Mabel turned her hands over, showing Olivia her palms and inviting her to come back to the present moment. Happy to obey, she unwrapped Kamler’s painting and, keeping it anchored on a piece of cardboard, tenderly placed the watercolor on Mabel’s lap.
The woman slipped on a pair of bifocals that had been hanging from her neck on a chain of finch yellow and gasped. “This is one of Henry’s!” Then, assaulted by doubt. “Isn’t it?”
Olivia and Billinger exchanged looks.
“Henry?” Billinger prompted in a patient voice.
Mabel covered her mouth as though she’d let loose a secret entrusted to her long ago by a dear friend. “I sometimes forget that Henry wasn’t his real name, but Evie called him that instead of Heinrich. Almost from the beginning. To her, he was Henry.” Mabel’s eyes drank in the winter scene.

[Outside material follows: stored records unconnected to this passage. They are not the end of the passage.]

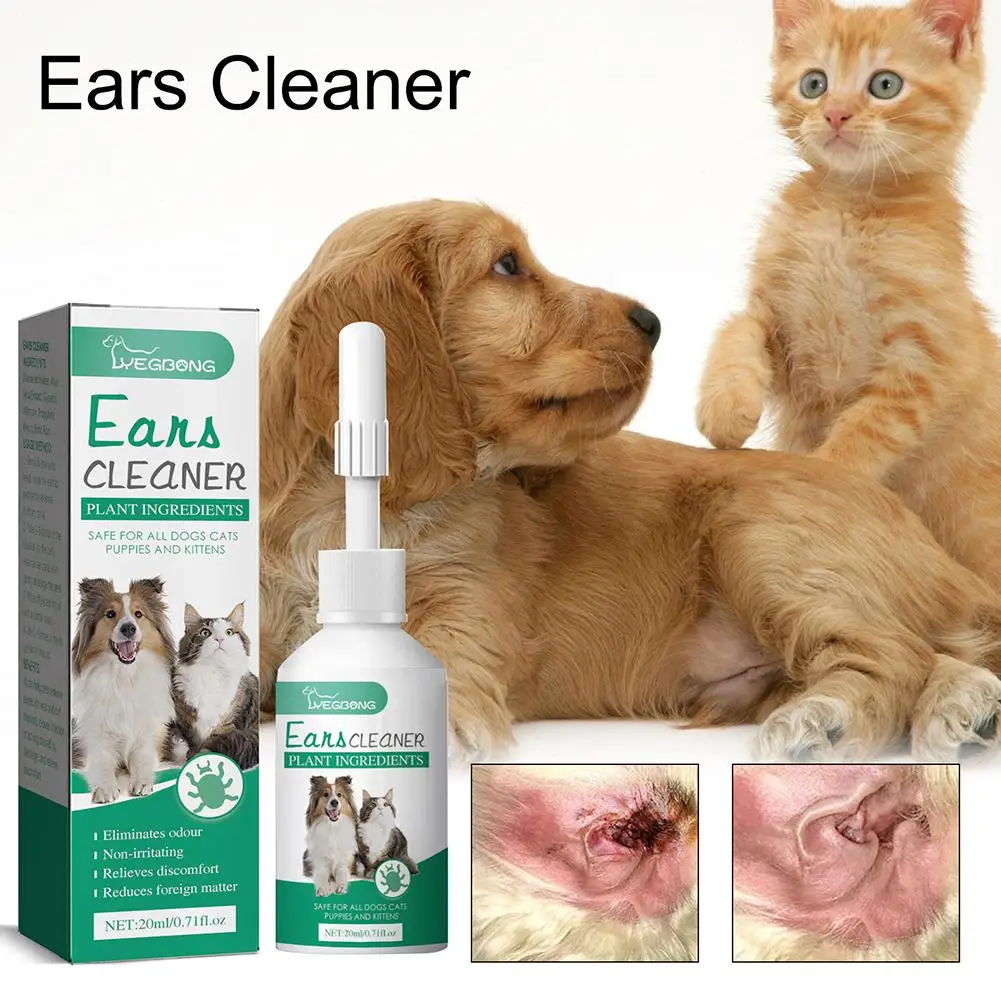 Cat Dog Ear Cleaner Pet Ear Drops Yeast Mites Infectiones Control Odor Removal Relieves Itching Anti Inflammatory Pet Ear Washer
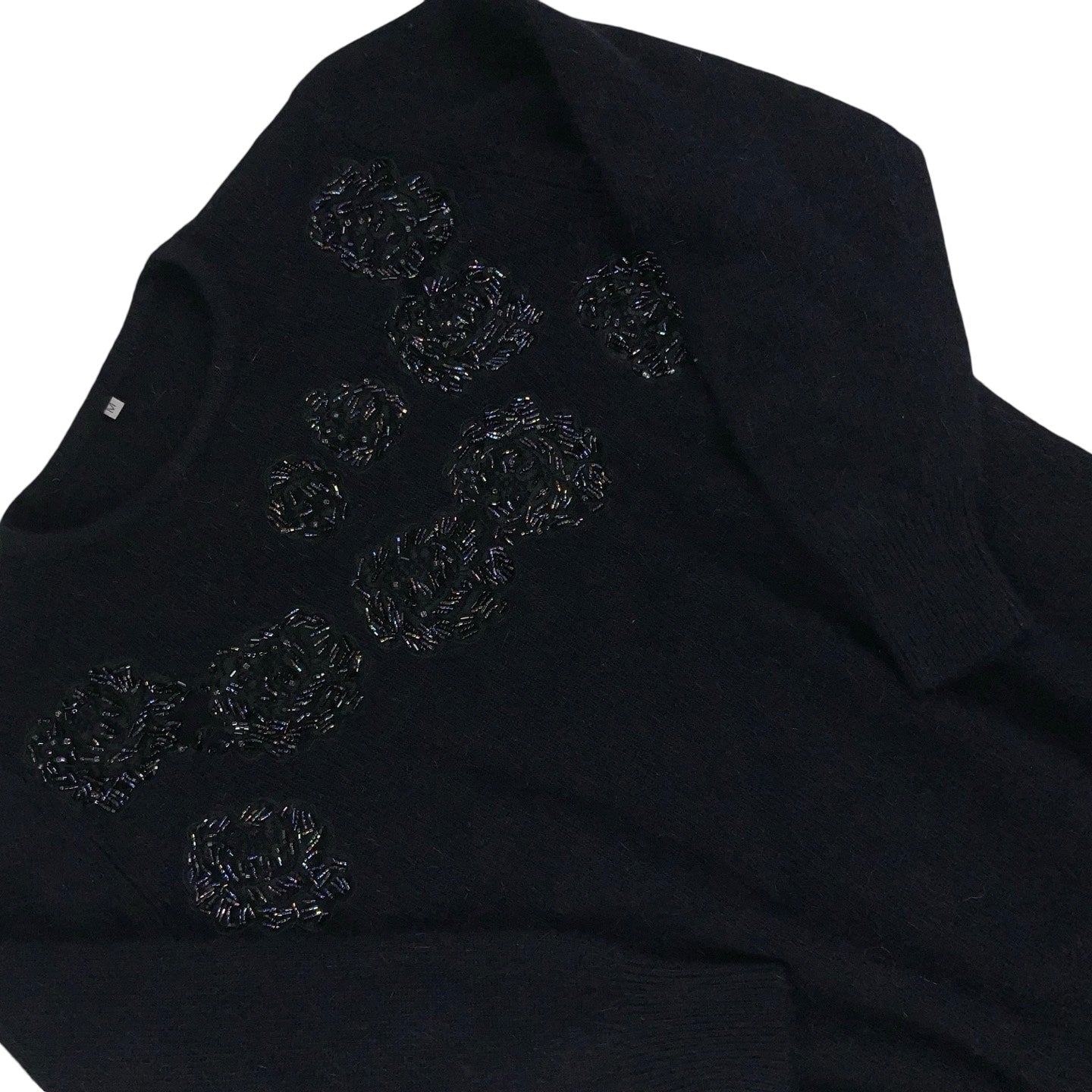 Vintage 90s Black Rose Beaded Jumper M 14 16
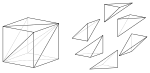 A cube dissected into orthoschemes.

It was almost a tangible thing, to see her slip away from the senior center’s garden and travel back to Camp New Bern, to her girlhood, to Evelyn White.
Barely breathing, Olivia imagined she could follow Mabel through this wormhole of time, spying the pair of teenage girls in starched dresses and Mary Janes, schoolbooks clutched against their chests as they giggled at the sight of a group of cute boys hunched over glasses of cherry cola at the drugstore counter.
“Evie’d never been sweet on a boy before,” Mabel said. “It was like she was waiting for that German boat to get sunk, waiting for those young men with their strange language and their strange uniforms to wash up onto the beach like a group of mermen. Henry was the best looking and the sweetest. He never acted like a prisoner. It was more like he’d come to visit distant relatives. The first time Evie and I went to take lunch to our daddies, she spotted Heinrich through the chain fence, and it was . . .” She trailed off, nostalgia tugging her lips into a grin.